▶ [WORK TO BE COMPLETED]: A picture-free, exact copy of all the records below is the goal.

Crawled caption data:
*** Begin section ***
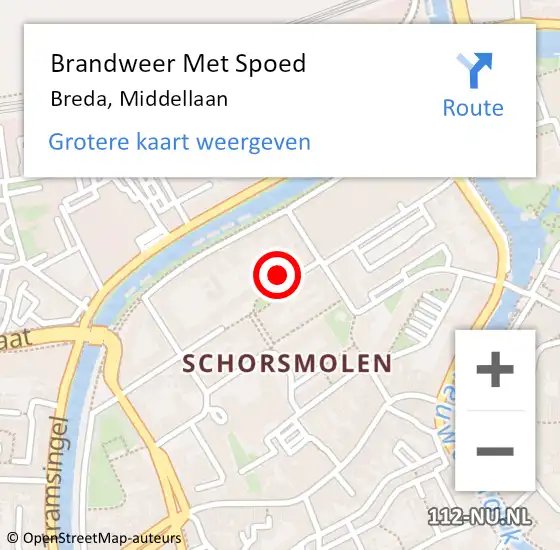 Locatie op kaart van de 112 melding: Brandweer Met Spoed Naar Breda, Middellaan op 2 september 2024 06:55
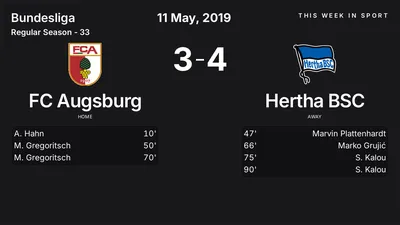 Report: FC Augsburg vs Hertha BSC (2019-05-11)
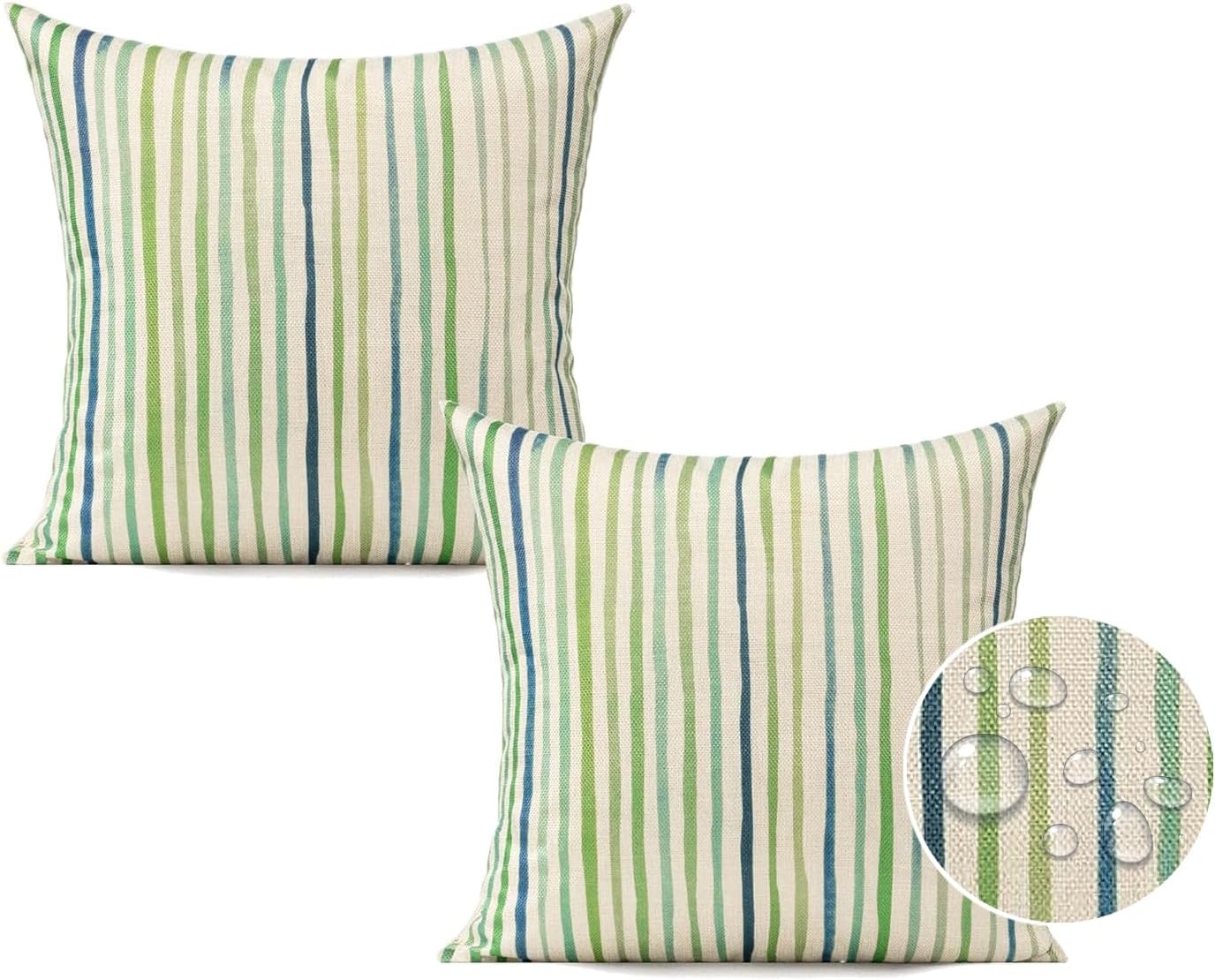 All Smiles Spring Outdoor Waterproof Throw Pillow Covers 18x18 Set of 2 Green Sunbrella Decorative Cushion Cases Porch Decor for Patio Bench Garden Furnitures Couch Sofa,Sage Green Lines Stripes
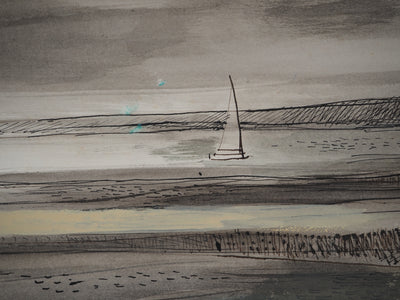 Maurice GENIS : Voilier voguant sur l'eau, Aquarelle originale (photo de détail 5) - Crédit photo : Galerie Art.Paris
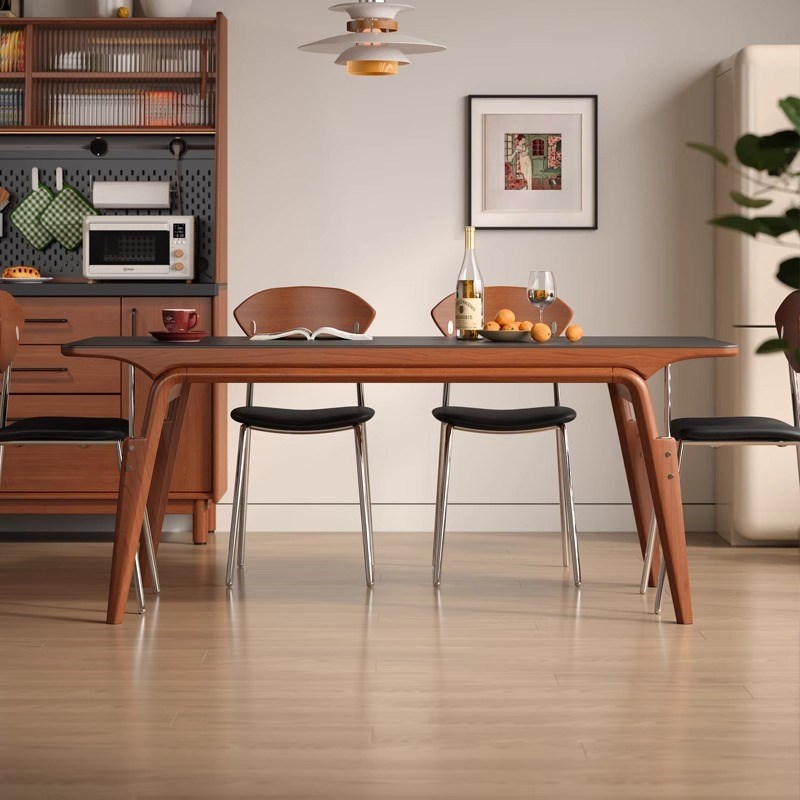 实木岩板餐桌g小户型家用黑色岩板中古风复古长方形桌椅组合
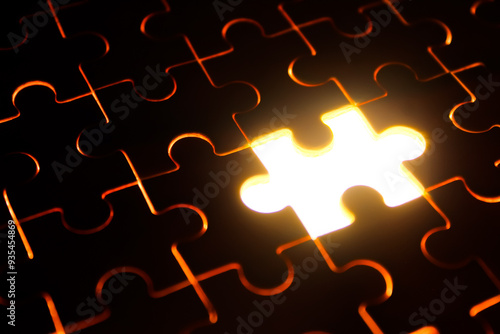 close-up of a glowing jigsaw puzzle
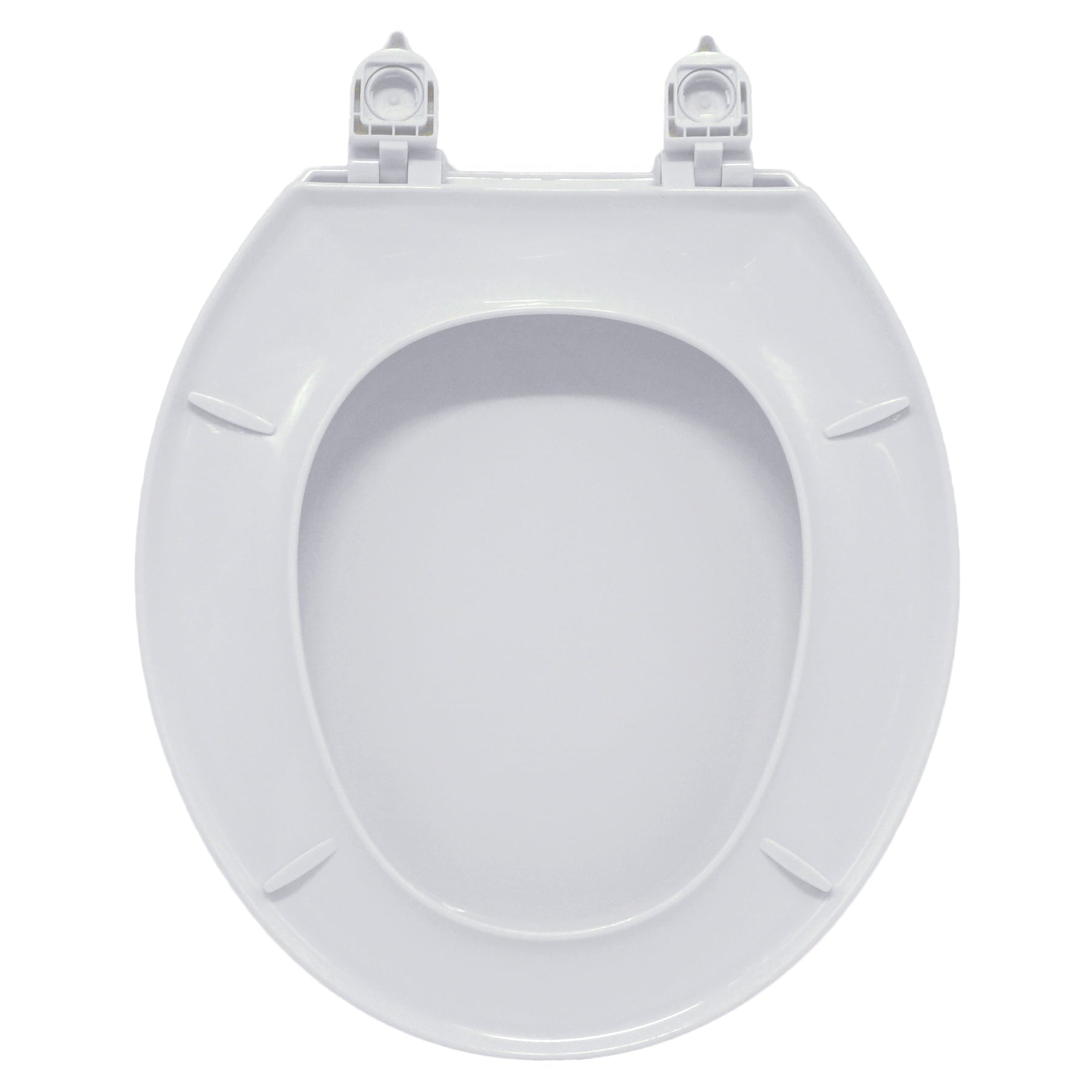 Mainstays White Round Plastic Toilet Seat, Easy off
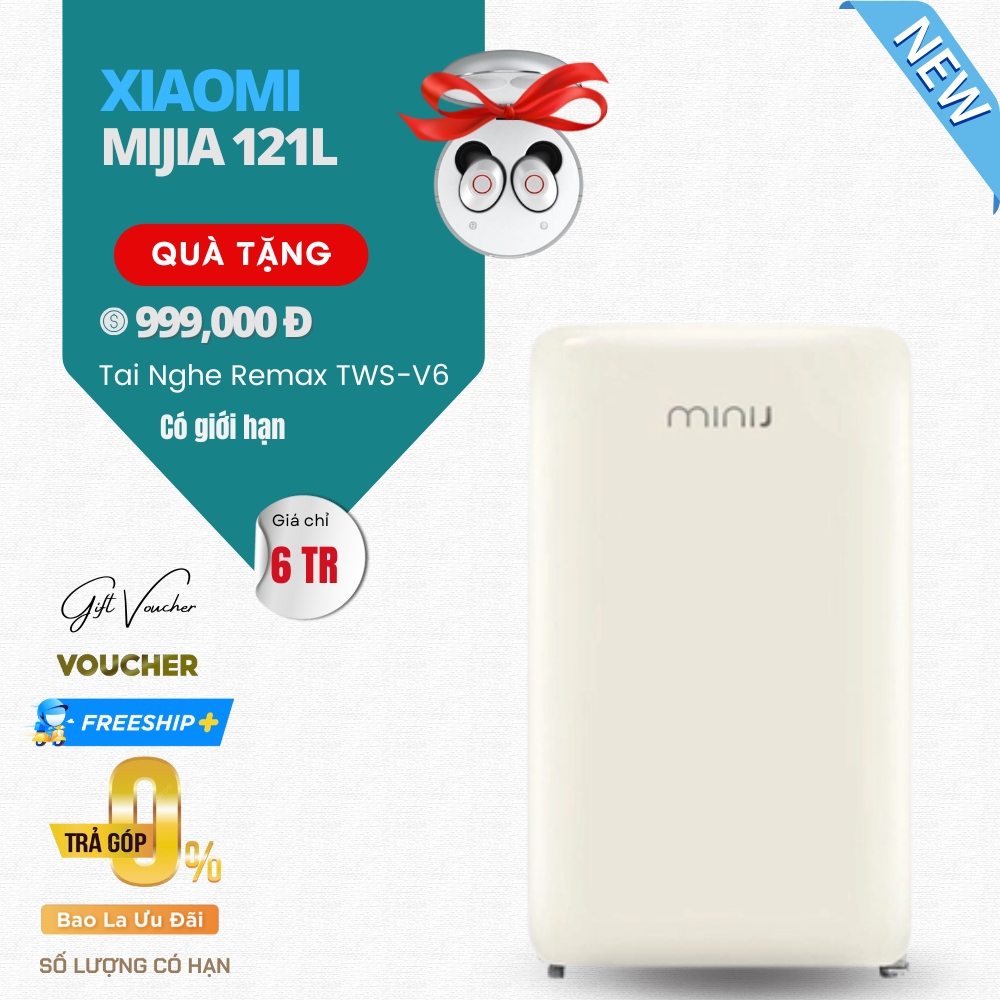 Tủ Lạnh Xiaomi Mini Retro 121L - Hàng Nhập Khẩu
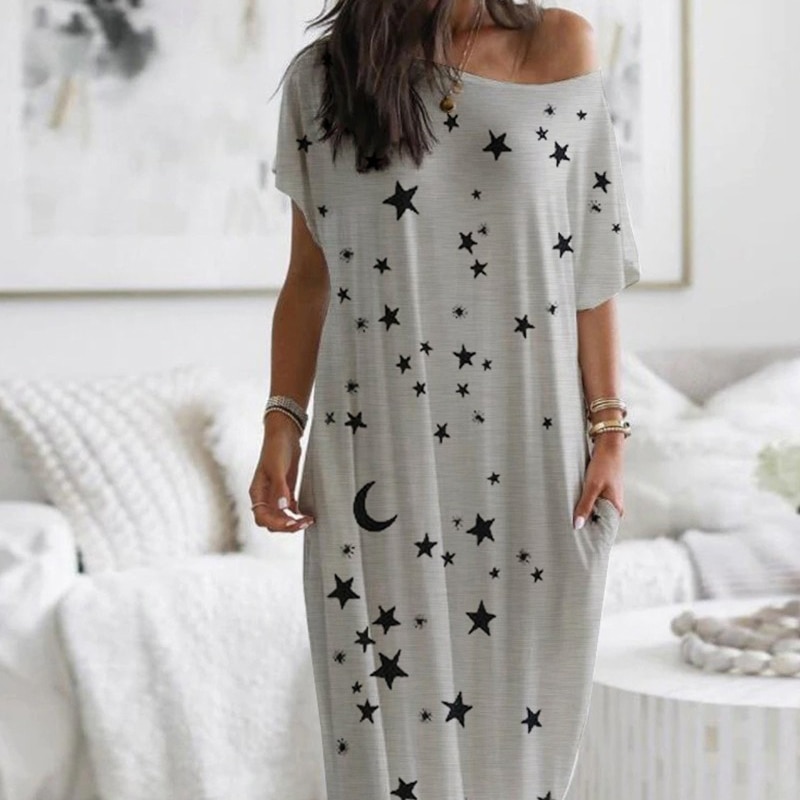 Hors épaule étoile imprimé femmes robe de nuit O cou manches courtes poche ample femme robes longues été dames Homewear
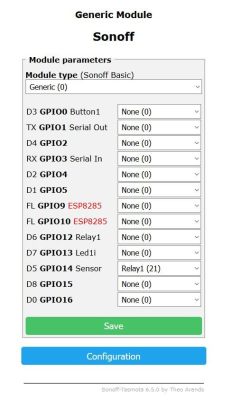 Sonoff - Configure Module - Relay op GPIO14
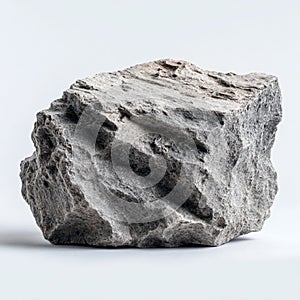 A single gray stone block on a white surface with rough texture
*** End section ***
▶ [RESPONSE TO THE TASK]:
 Locatie op kaart van de 112 melding: Brandweer Met Spoed Naar Breda, Middellaan op 2 september 2024 06:55
 Report: FC Augsburg vs Hertha BSC (2019-05-11)
 All Smiles Spring Outdoor Waterproof Throw Pillow Covers 18x18 Set of 2 Green Sunbrella Decorative Cushion Cases Porch Decor for Patio Bench Garden Furnitures Couch Sofa,Sage Green Lines Stripes
 Maurice GENIS : Voilier voguant sur l'eau, Aquarelle originale (photo de détail 5) - Crédit photo : Galerie Art.Paris
 实木岩板餐桌g小户型家用黑色岩板中古风复古长方形桌椅组合
 close-up of a glowing jigsaw puzzle
 Mainstays White Round Plastic Toilet Seat, Easy off
 Tủ Lạnh Xiaomi Mini Retro 121L - Hàng Nhập Khẩu
 Hors épaule étoile imprimé femmes robe de nuit O cou manches courtes poche ample femme robes longues été dames Homewear
 Sonoff - Configure Module - Relay op GPIO14
 A single gray stone block on a white surface with rough texture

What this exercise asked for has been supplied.